Problem description: Please return every line of the material verbatim and skip any images.

Supplied information:
=====

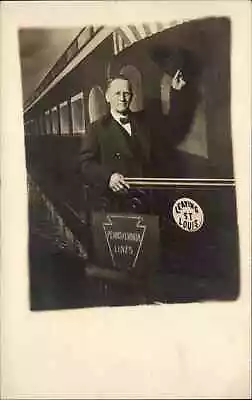 Studio Prop Man On RR Train Pennsylvania Lines Leaving St. Louis MO C1910 RPPC • $9.89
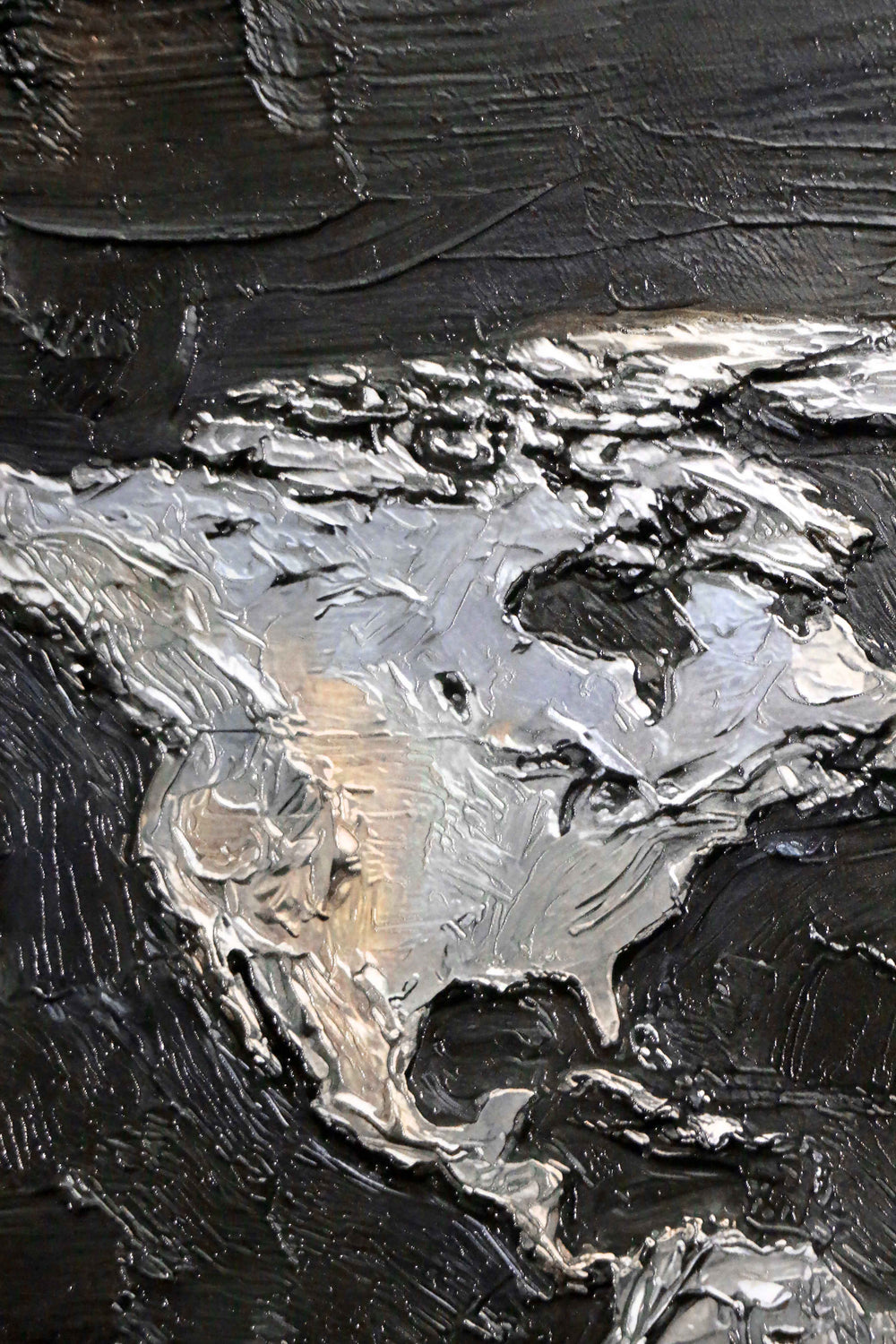 Titanium Terra Impasto — 3D Kabartmalı Premium Duvar Sanatı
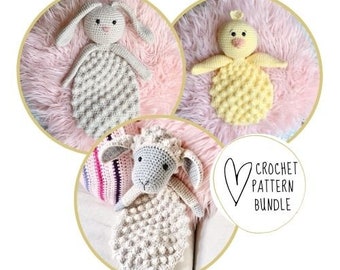 BUNDLE: Crochet Easter Bobble Buddy Patterns-Chick//Bunny//Lamb- DIGITAL PDF/Amigurumi Comforter/Security Blanket/Ragdoll/Heirloom Baby Gift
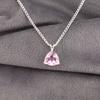 Morganite Gemstone 925 Sterling Silver Jewelry Triangle Shape Pendant 0.58" CZP-15-11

=====

Response to this task:
 Studio Prop Man On RR Train Pennsylvania Lines Leaving St. Louis MO C1910 RPPC • $9.89
 Titanium Terra Impasto — 3D Kabartmalı Premium Duvar Sanatı
 BUNDLE: Crochet Easter Bobble Buddy Patterns-Chick//Bunny//Lamb- DIGITAL PDF/Amigurumi Comforter/Security Blanket/Ragdoll/Heirloom Baby Gift
 Morganite Gemstone 925 Sterling Silver Jewelry Triangle Shape Pendant 0.58" CZP-15-11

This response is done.